STOP! I could do that. That would be the more 'standard' approach. But the thing is, this data doesn't change very often—and it doesn't need to.

Sponsors aren't coming and going every day. It's no hassle for me to edit the code and deploy a new version of the site when something changes here. It only takes a few minutes from start to finish.

What if I could just put the data in the model?

So Sushi Me

Sushi lets us do exactly that. And it's wonderful!

The data moves into the model class itself, so it's super easy to find.

Because it's moved out of the component I can use it in other places without having to find some place for it to live.

Now my component looks like this:

1use App\Models\Sponsor;
3class Sponsors extends Component
5 public function render()
6 {
7 $sponsors = $this->all ? Sponsor::all() : Sponsor::active()->get();
9 return view('sponsors', ['sponsors' => $sponsors]);
10 }

Look at that! Two lines of code. Simpler, more declarative, easier to understand. That's beautiful.

Some notes

  • The array items need to be fully homogenous - the exact same set of keys for every one.
  • If you want any sort of dynamism in the data, use the getRows() method instead of the protected $rows property.
  • Bask in the joy of raw fish on rice.

But is this good practice?

Probably not (to some people). But it works—very well! This is a very small dataset that isn't changing often, so I think this is fine.

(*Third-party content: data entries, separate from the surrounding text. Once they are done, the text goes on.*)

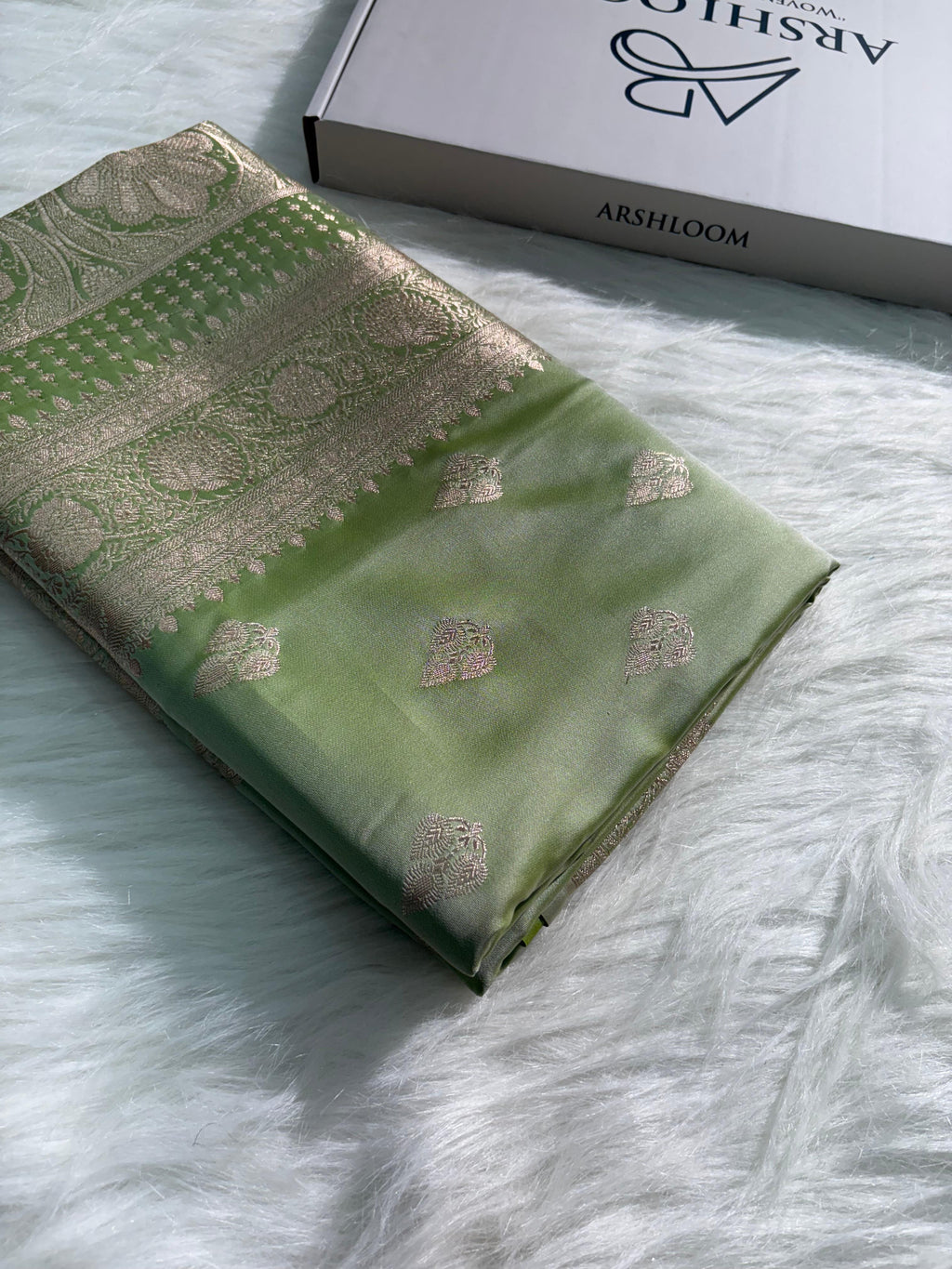 Olive Green Boota Pattern Satin Katan Silk Saree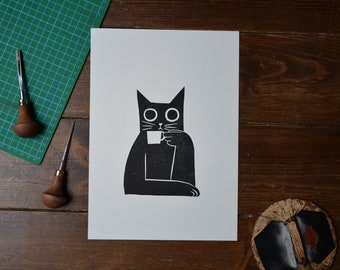 Linocut &quot;Coffee Cat&quot; Linoprint
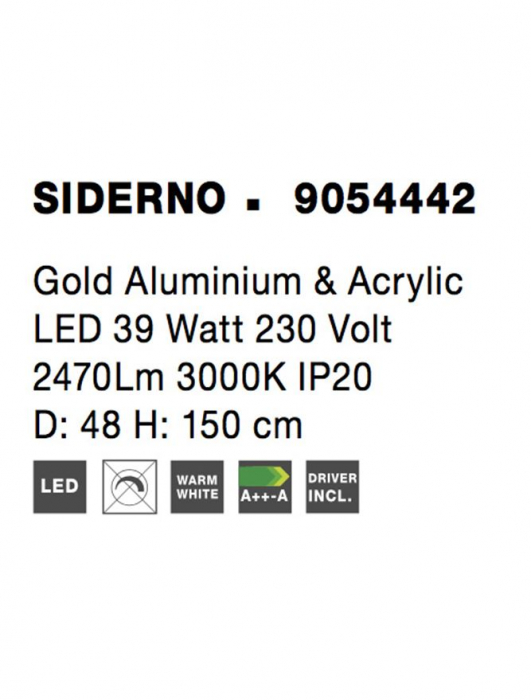 9054442 Suspensie Nova Luce SIDERNO LED 39W 2470lm 3000K IP20 Aluminiu/Acril Gold NOVALUCE [7]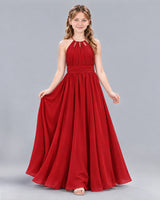 Red A-line Junior Bridesmaid Dress Front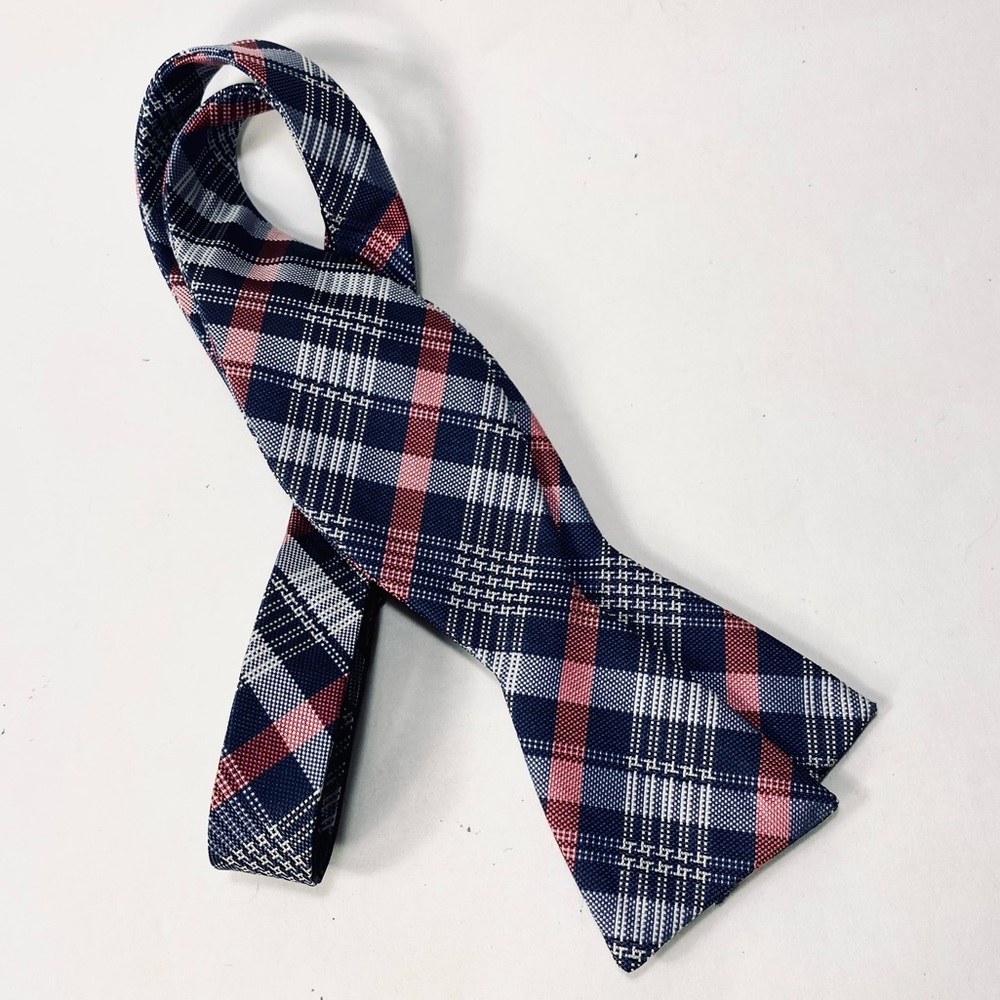 Ben Sherman Blue White Pink Plaid Adjustable Bow Tie Bowtie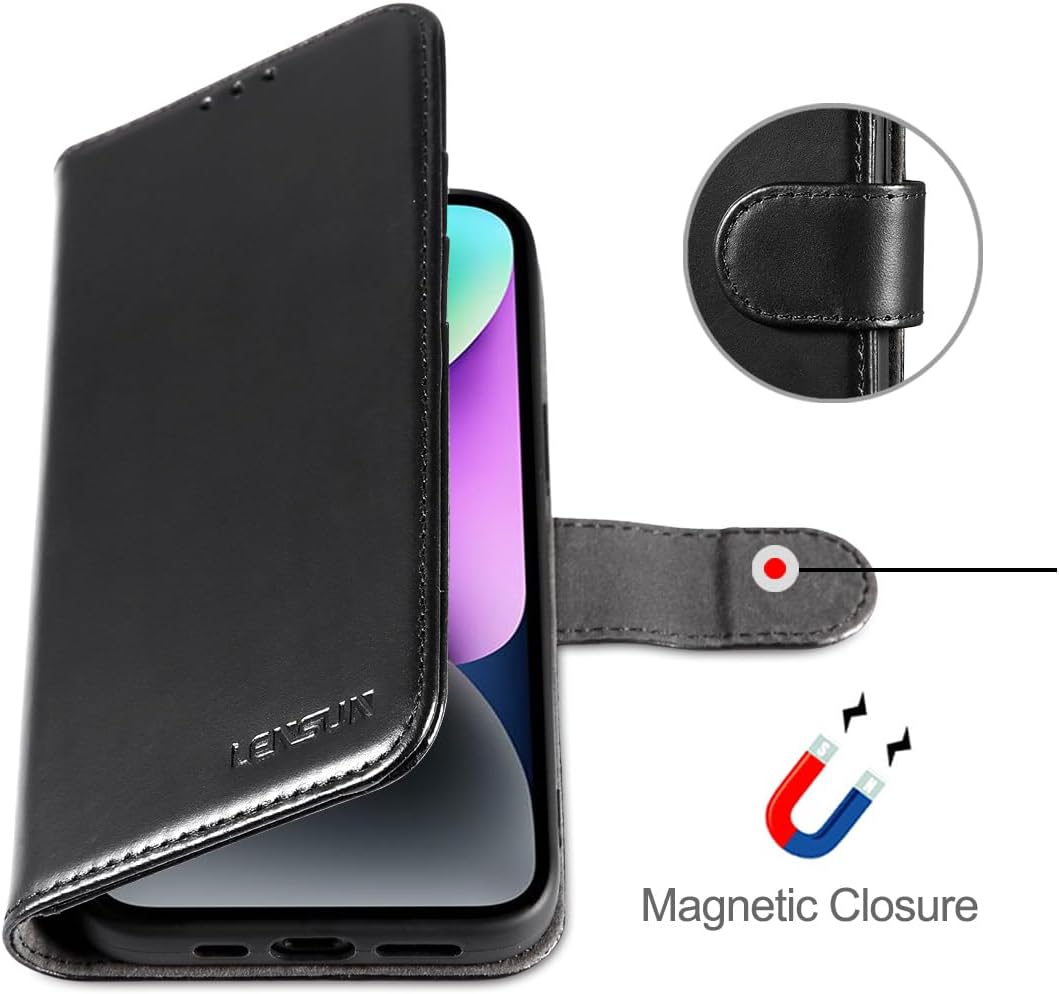 LENSUN Echtleder Hülle für iPhone 14, Bookstyle Handytasche - Glatt Schwarz | Handyhülle Echtes Lede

Some datasets probably won't change at all, and so it makes even more sense for those (think lists of countries, languages etc). Why have that in your database?

Should it live in the model? That depends how far you want to take the Single Responsibility Principle, but I think it's fine. I think the colocation of the data and its logic in this case makes the DX so good that it's worth breaking some rules.

For now, this works well and I'm really happy with it. Maybe my needs will change in the future and it'll make more sense to have this data in the database, who knows.

Good thing is, all of my logic is already depending on the model now, so even if I do shift it to the database, most of my application code may be able to stay the same.